Lenney, the answer is no, you're not alone. The Grose jet is notoriously troublesome. My best luck has been with original needles.
Second from right is original style.
If the surface isn't smooth, you can turn it against fine sandpaper with a drill.
Thank you Steve. I am going to try your method of resurfacing a tip. Can I grind the coating off of a Grosse?
Thank you Steve. I am going to try your method of resurfacing a tip. Can I grind the coating off of a Grosse?
The Grosse jet is two caged balls. Work very well in automobiles with fuel pumps but are notoriously bad in "T"s. I cannot understand why some professional "T" carb rebuilders insist on using them.
If you have a coating on the tip, you really have an aftermarket traditional valve like Steve's first one. If so, it is Viton rubber. I find that they work very well so long as the gas is used or refreshed every 4-6 weeks. I never used to have a problem with them and ethanol, but lately, the older the fuel is, the more likely the rubber is to bubble and delaminate from the tip. Bummer...they used to be great and last for years...something's changed in the fuel...again.
I have read this thread twice and while I am slow I don't see any mention of a coil buzz. Is there one when you hand crank? Dick C.
Yes, of course ... rebuilt coils. Lot's of buzzing ... spark at plugs and end of plug wires. I did mention that I had a test run of this engine a couple of weeks ago.
Scott, thanks for clearing the confusion.
Mark, perhaps check and make sure intake didn't loosen after last heat cycle. I have had similar issue, tightened up nuts and problem solved no more vacuum leak.
Believe it or not, I've had a Viton tip stick a couple of times.

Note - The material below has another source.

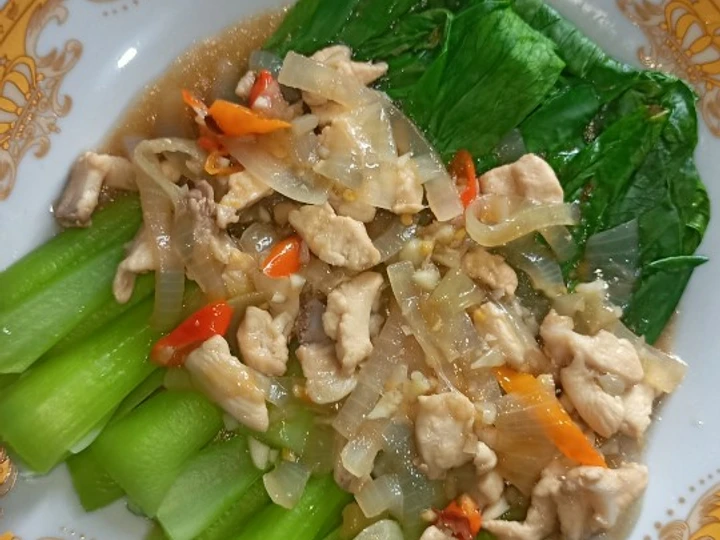 Recipe Sayur pakcoy siram ayam the Can Spoil the Tongue Delicious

That's why I went back to original needles.
The vacuum and compression was fine .... so no problem there. The compression was around 40 psi on all cylinders hand cranked with only one cycle. Will try again after installing the starter later this week. Will be able to go through 8-10 cycles and get a more accurate reading.
Well, Steve, that's what you get with a car that runs as well as yours...mine vibrates so much, I'm amazed that the paint sticks much less the rubber tipped valve
My 21 wouldn't start one time for presumably no reason. I put a battery on it and pulled the plugs and laid them on the head. Cranked it over and they all sparked. Put them back in after squirting a little gas in the cylinders, nothing. Put in another set of plugs and it fired right up. If I've cranked it enough I think I may have flooded it I screw the adjuster all the way down then crank it until it fires then screw the needle out real fast, or if it dies then you know it's not flooded anymore and start it as usual. I had a grosse jet in a 4 ball Kingston that would stick shut after a few days as well on my 14.